Her essay, “Mobile-Based Transportation Employment Disputes: Corporate Chutzpa and the Potential Resurrection of Class Arbitration,” was published in the University of Chicago Law Review Online in June.
Examining a recent decision by a U.S. federal court, which held DoorDash to its contractual obligation to arbitrate the claims of over 5,000 individual drivers, Meshel questions the view that arbitration favours companies’ interests at the expense of employees. In the context of ride-sharing and food-delivery companies like Uber, Lyft, and DoorDash, she argues that class arbitration can be an appealing option for both companies and drivers.
In April, Meshel published her article, entitled “Heller v. Uber Technologies Inc.: Can Hard Cases Make Good Law?” in the Advocates’ Quarterly on a case that was before the Supreme Court of Canada at the time of publication. She asserted that the fundamental principles of international commercial arbitration, and specifically the principle of “commerciality,” offer the best way forward in the context of the Heller v. Uber Technologies Inc. case.

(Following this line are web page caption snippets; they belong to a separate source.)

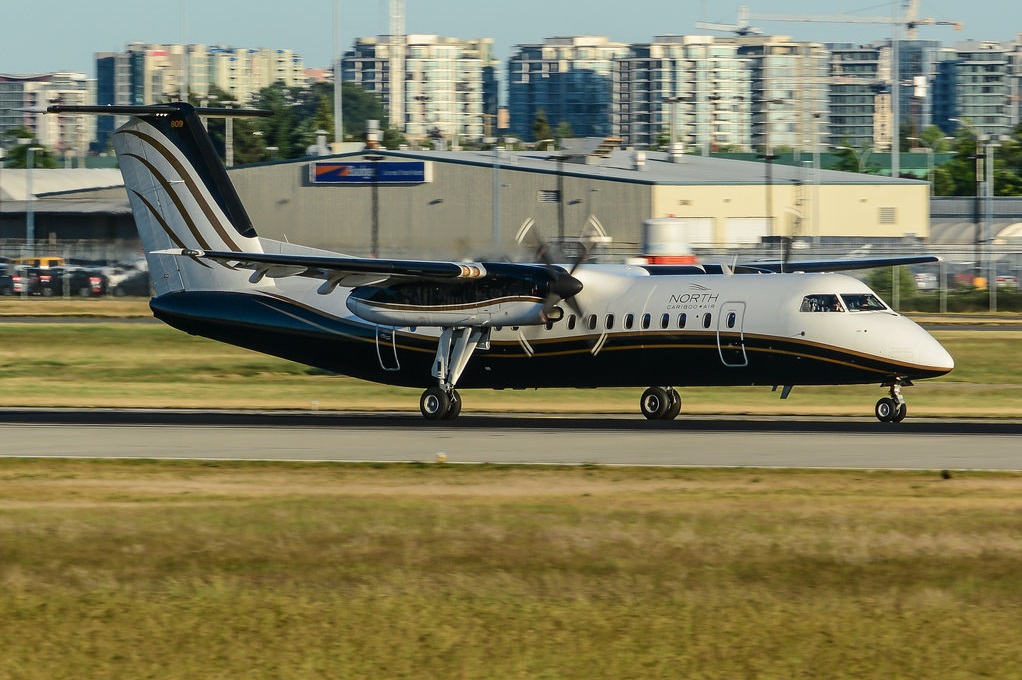 C-FNXN (464) 1997 DeHavilland Canada DHC-8-300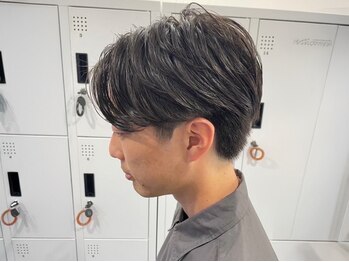 グランデュール 東静岡池田店(GRANDEUR)の写真/今ビジネスマンの予約が多いニュアンスパーマのセンターパートで、朝の時間も楽に◎[センターパート/韓国]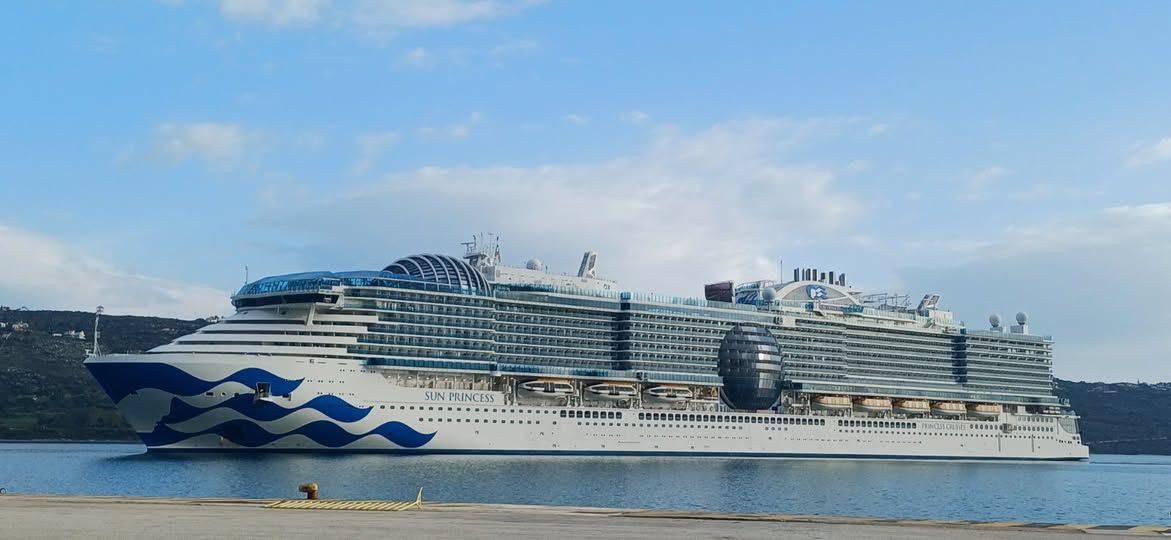 Το κρουαζιερόπλοιο “Sun Princess” στο λιμάνι της Σούδας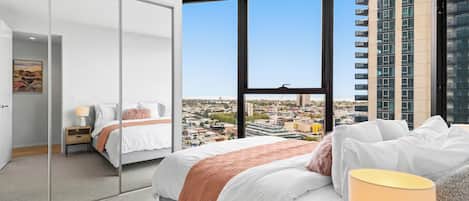 3 chambres, fer et planche à repasser, accès au Wi-Fi (inclus)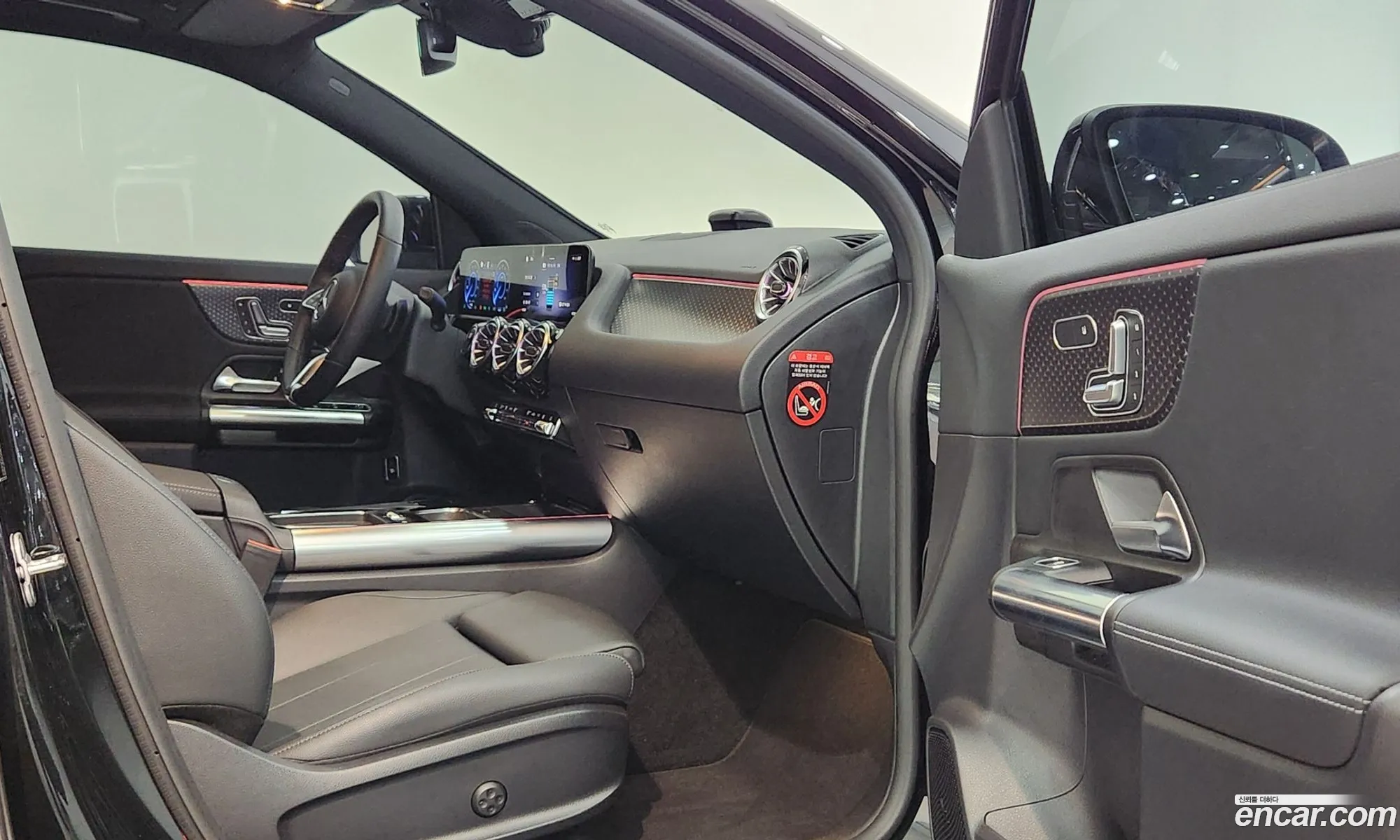 Mercedes-Benz EQA H243 2025 — 18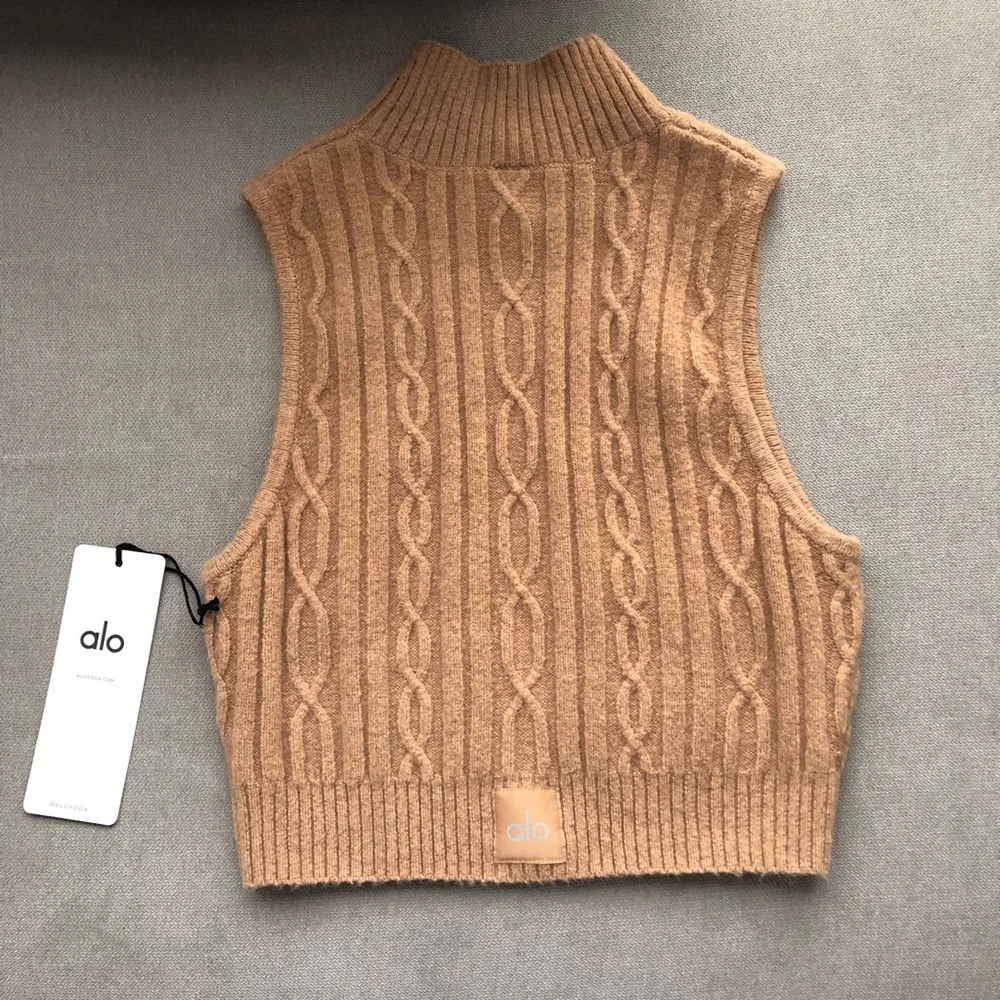 Alo Yoga Cable Knit Winter Bliss Mock Neck Tank Toasted Almond M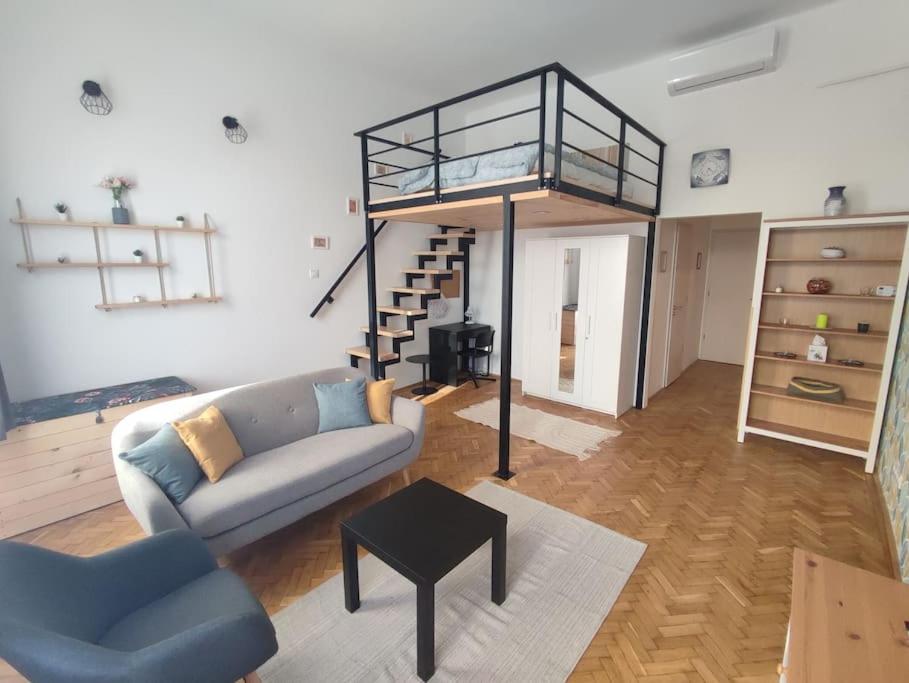 Hidden gem for a homey getaway 1086 Budapest, 29 Koszorú utca kép - 1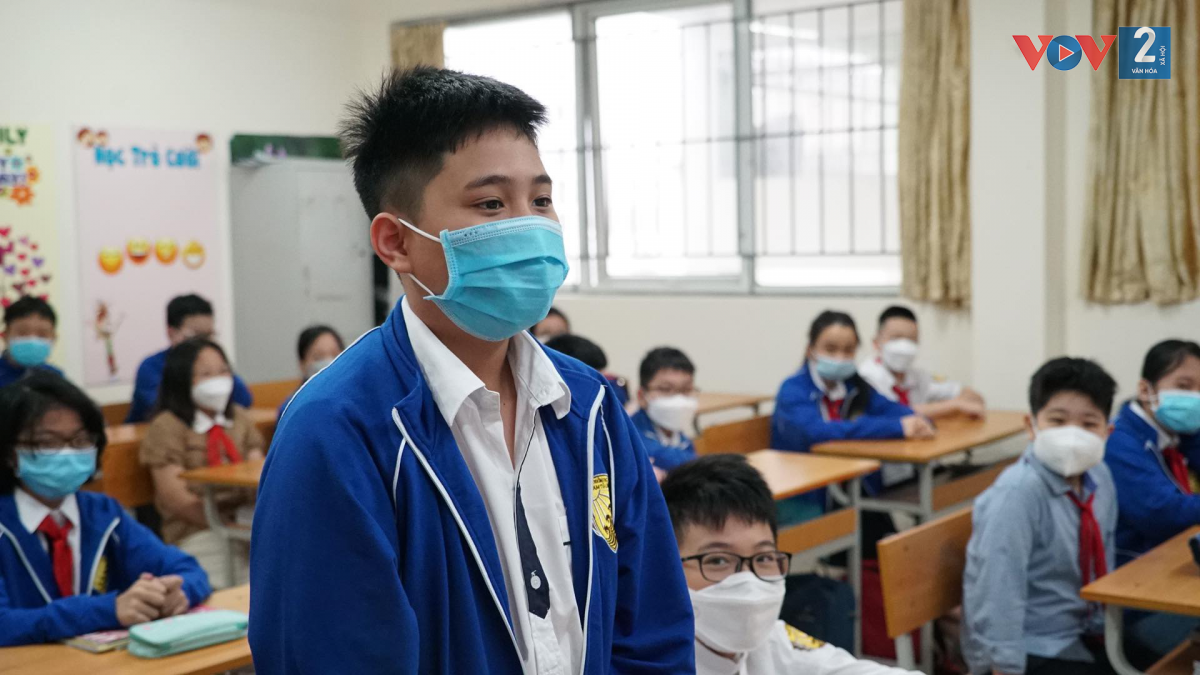 Học sinh lớp 6 trường THCS Xuân Phương (Nam Từ Liêm) vui mừng, phấn khởi bước vào buổi học đầu tiên.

At the end of June, the SCC issued a decision on this case. Meshel’s latest article on the judgment, which analyzes it from an international commercial arbitration perspective, is forthcoming in Arbitration International.
In it, she argues that the judgment should not disturb the enforcement of routine international commercial arbitration agreements in Canada, but the judgment may have implications for arbitration agreements contained in international standard form contracts that might give rise to employment disputes, such as those in the gig economy.
Meshel also has forthcoming work on mobile-based ride-sharing companies in the Virginia Law & Business Review, which addresses the controversial question of whether drivers of such companies should be considered “transportation workers” who are engaged in “interstate commerce” within the meaning of the American Federal Arbitration Act.